The defendant presented this issue to the trial court by an affirmative defense and a motion for summary judgment. ‘ The very basis of [the] motion for accelerated judgment ” the defen*400dont states, culling from its brief “ is that plaintiff be given the benefit of all the elements sufficient to support a verdict in her favor — save decedent’s freedom from contributory negligence.” The motion was denied by the trial court on the ground that there were “ issues of fact which require a plenary trial ”. The Appellate Division, Second Department, reversed holding that the deceased, as custodian of the vehicle “had dominion and control over Trigub and the latter’s negligence must therefore be imputed to him in an action against the owner ”. One Justice (Shapiro, J.) reluctantly concurred, noting that the present law worked a questionable result: “Plaintiff is denied recovery— with resultant unfair benefit to the insurance carrier — because she sued the owner of the automobile directly instead of suing the negligent driver. If she had done the latter, she would have been defended by this very defendant’s insurance carrier and the recovery would have been the latter’s responsibility. A denial of a recovery to an injured plaintiff or, as in this case, to the estate of a decedent, which is entirely based on a legal fiction and which defies reality, is a sort of alchemy which to me seems clearly unjust and unreasonable.” (38 A D 2d 974-975).

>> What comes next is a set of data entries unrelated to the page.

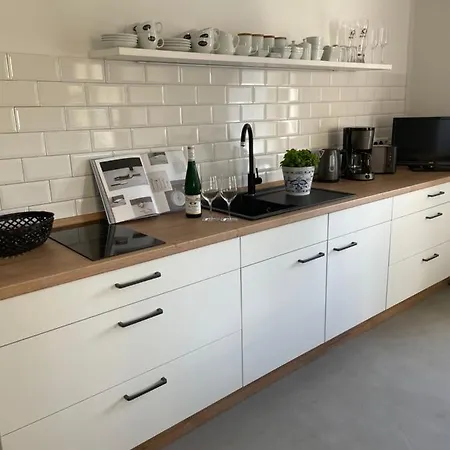 Am Elberadweg Apartment *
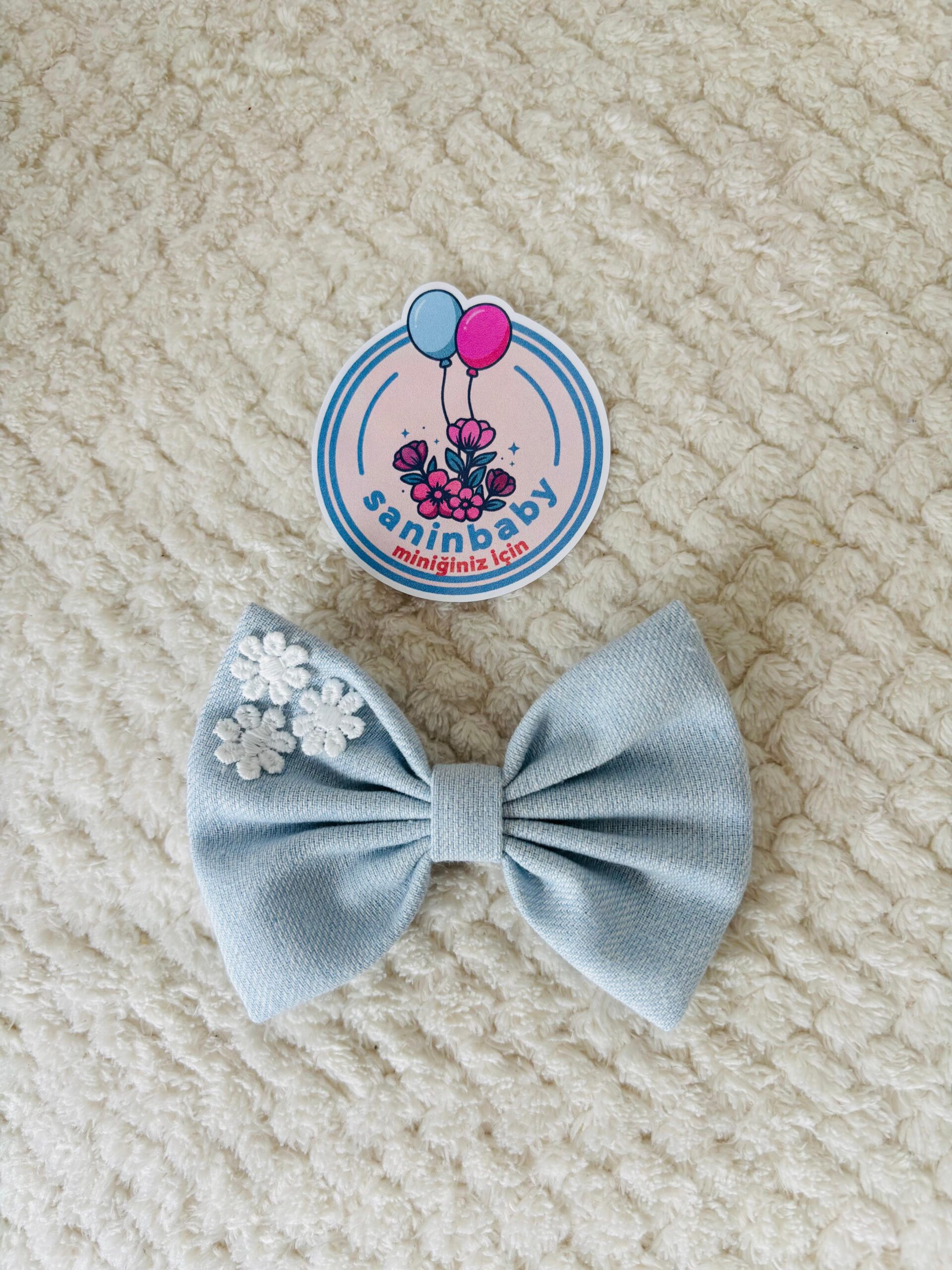 Mini Çiçekli Fiyonk Toka Kız Bebek - Açık Mavi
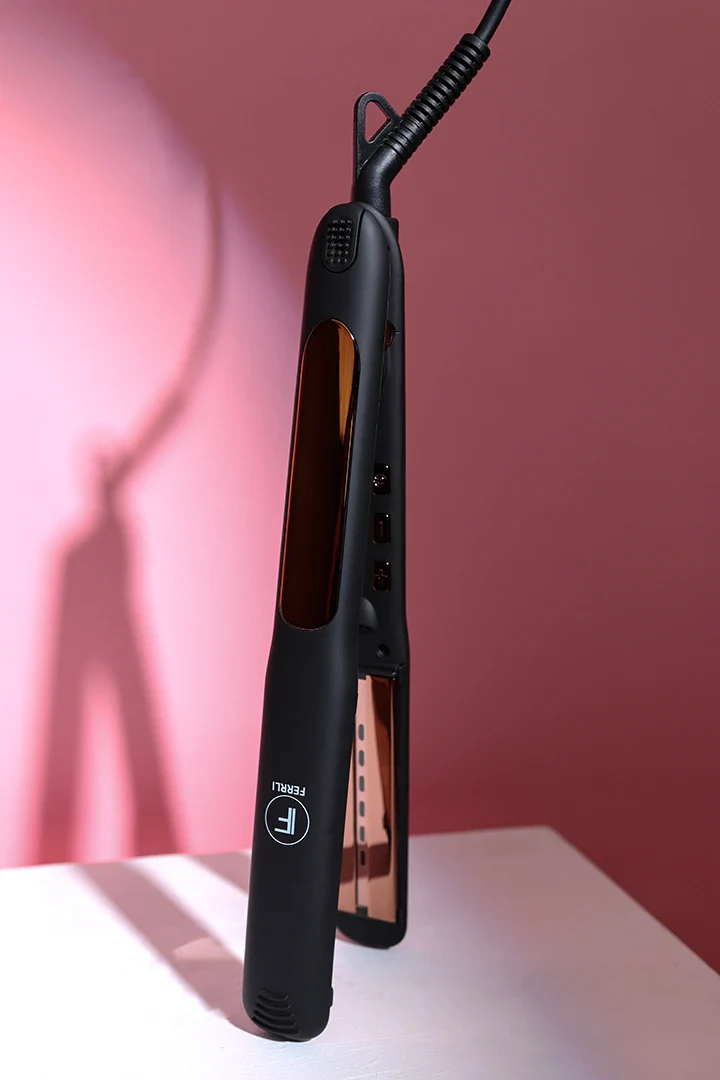 Infrared Ray Straightener Ferrli classic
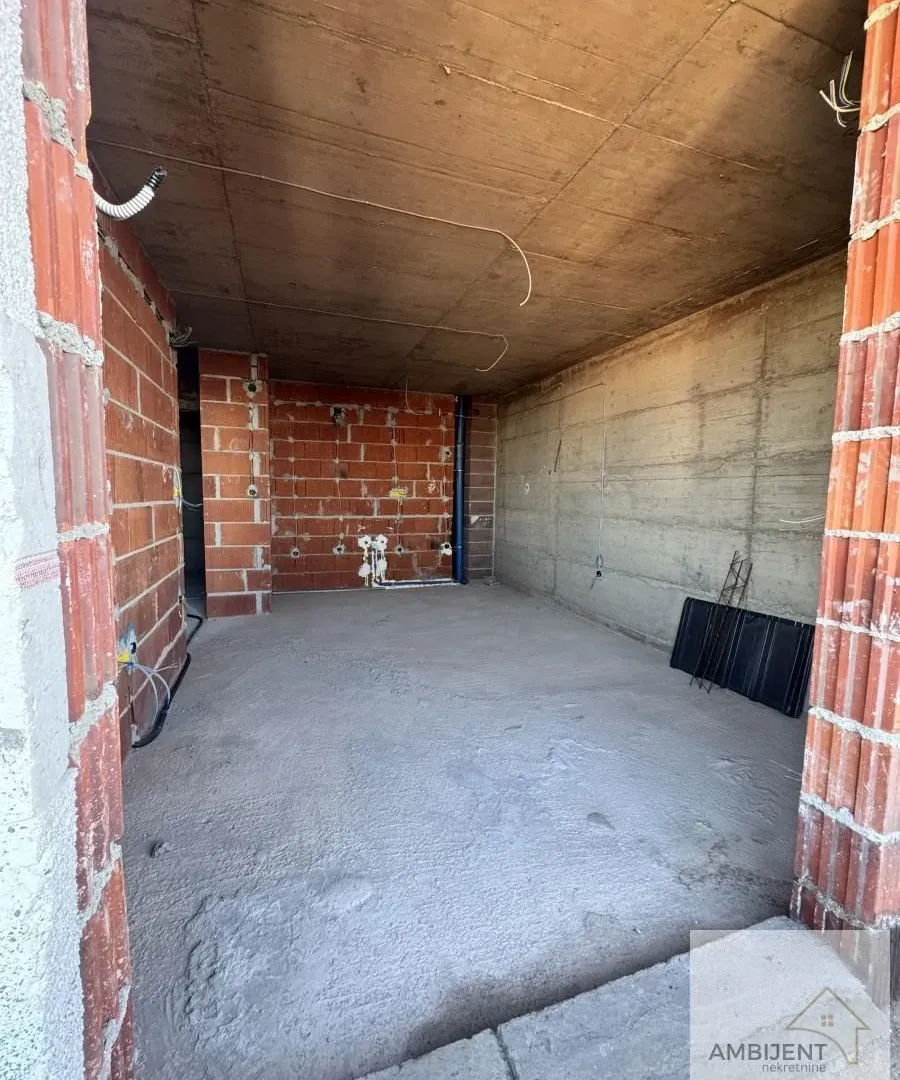 Prodaja, trosoban stan, 62m², Novi Banovci, Stara Pazova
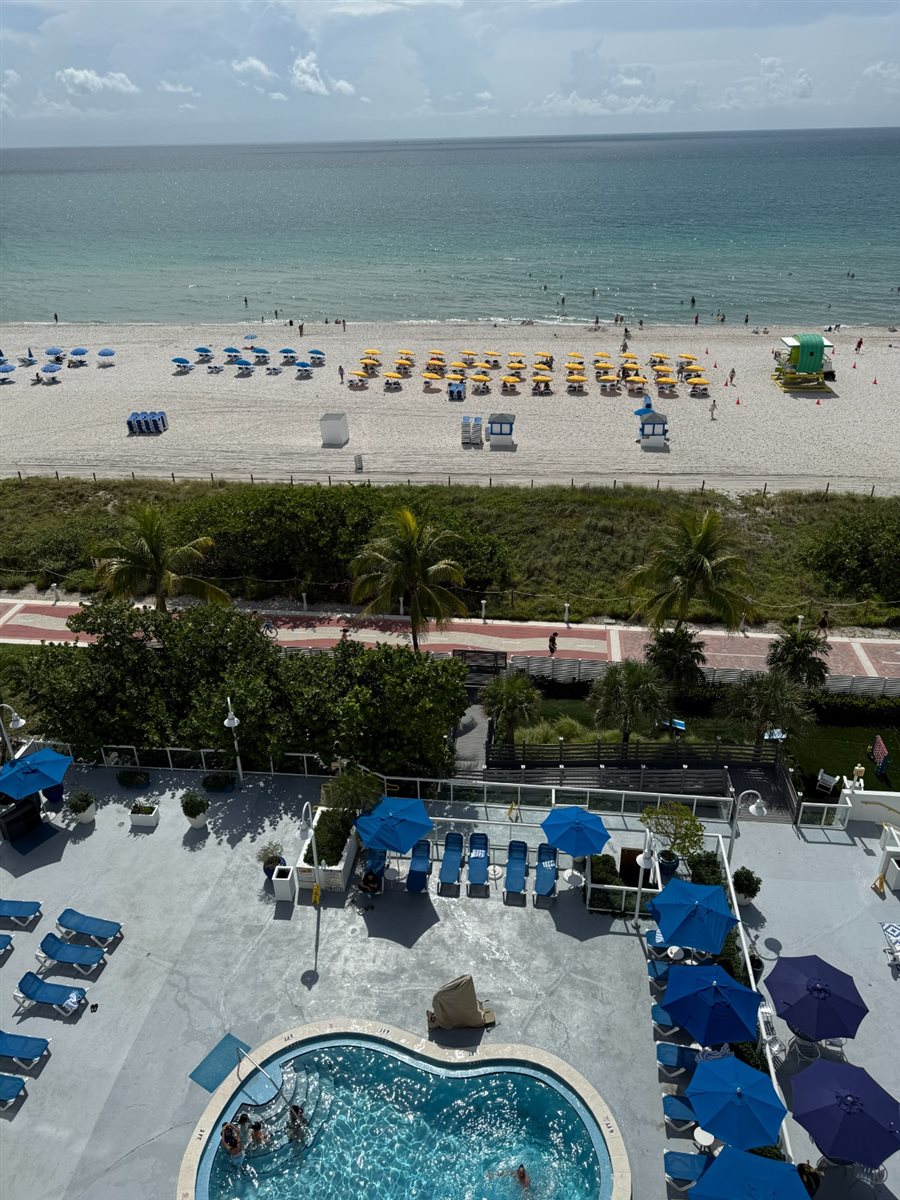 Piscina do Best Western Atlantic Beach Resort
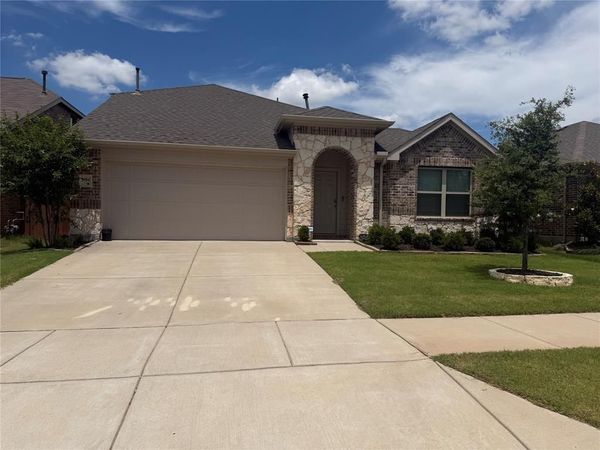 3404 Western Trail , Crandall, TX 75114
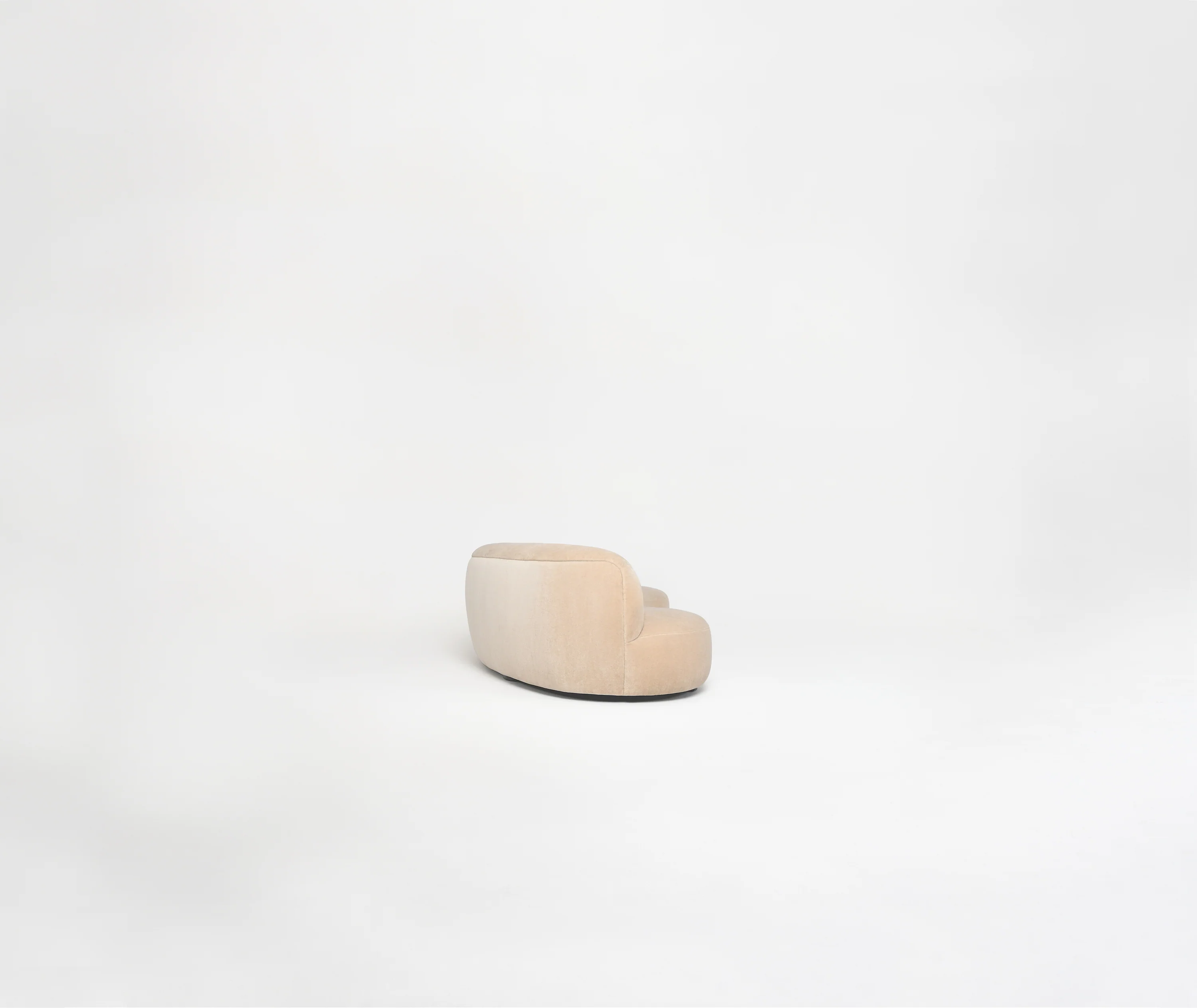 Sofa 370 3.png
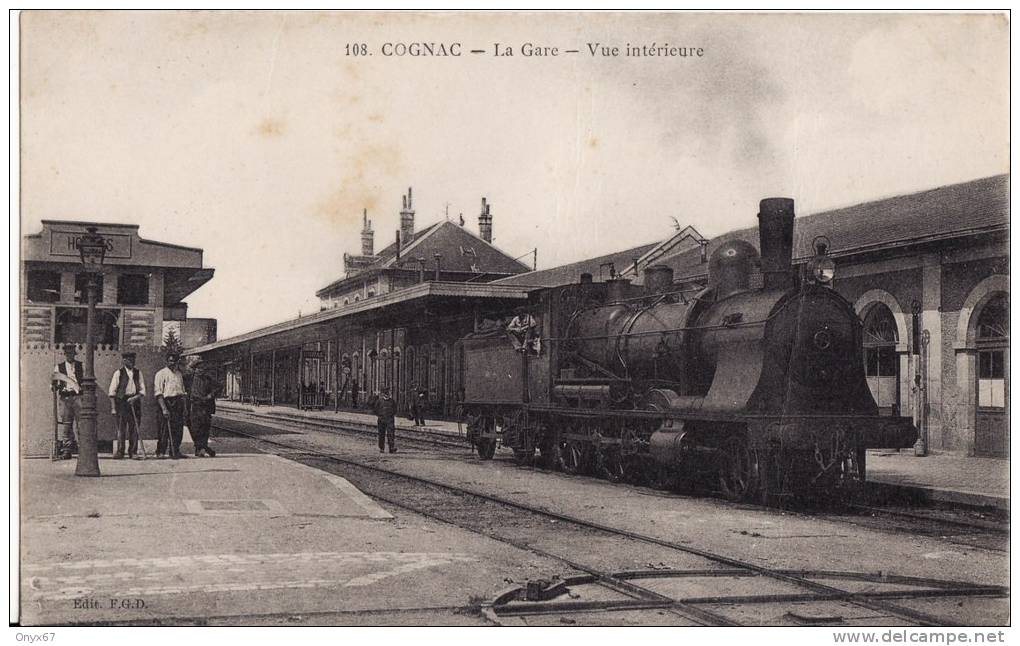 COGNAC - Vue Intérieur De La Gare - Train - Gros Plan - Belle Carte ! - Cognac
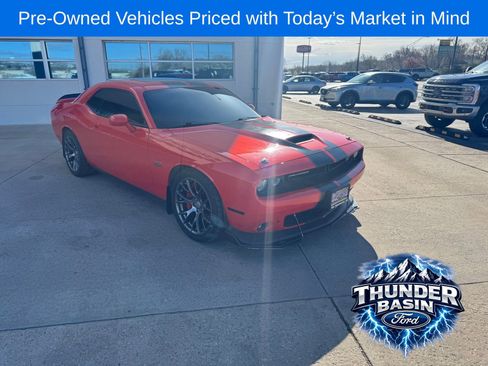 Used 2016 Dodge Challenger SRT w/ Technology Group image 9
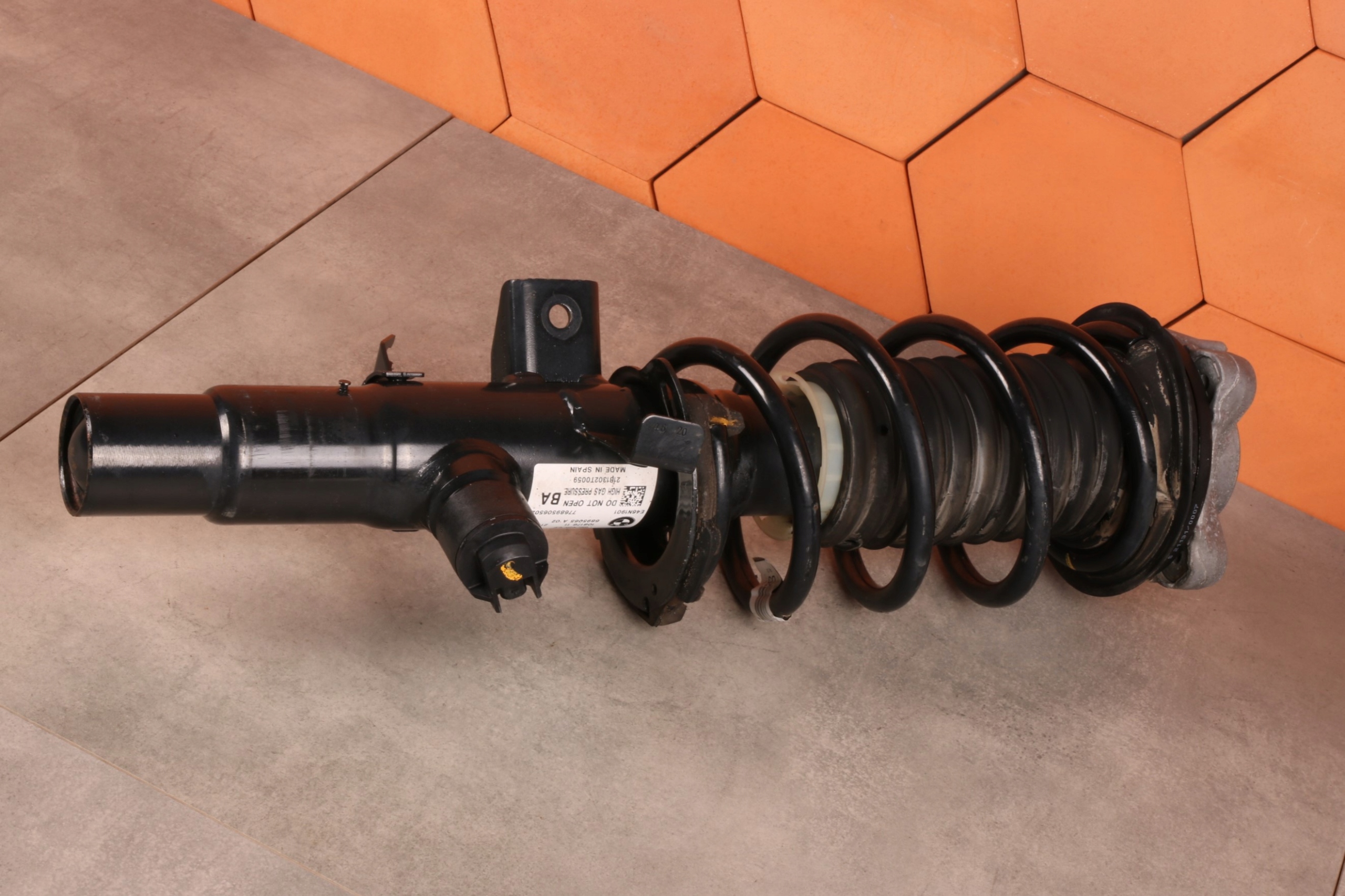 BMW Z4 G29 20i 30i B46D B48D shock absorber left front VDC VDM 6895065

Under the existing law the resolution of this issue is almost academic.

The leading case is Gochee v. Wagner (257 N.Y. 344). In Gochee the plaintiff passenger was the owner of the automobile which was being driven by his wife when it collided with the the defendant’s vehicle. In a suit by the plaintiff for personal injuries and property damage to his vehicle the jury found that both drivers were negligent.

This court held that the contributory negligence of the driver should be imputed to the owner because ‘ ‘ he was present and had the legal right to control [the] operation ” of the vehicle (Gochee, supra, at p. 348).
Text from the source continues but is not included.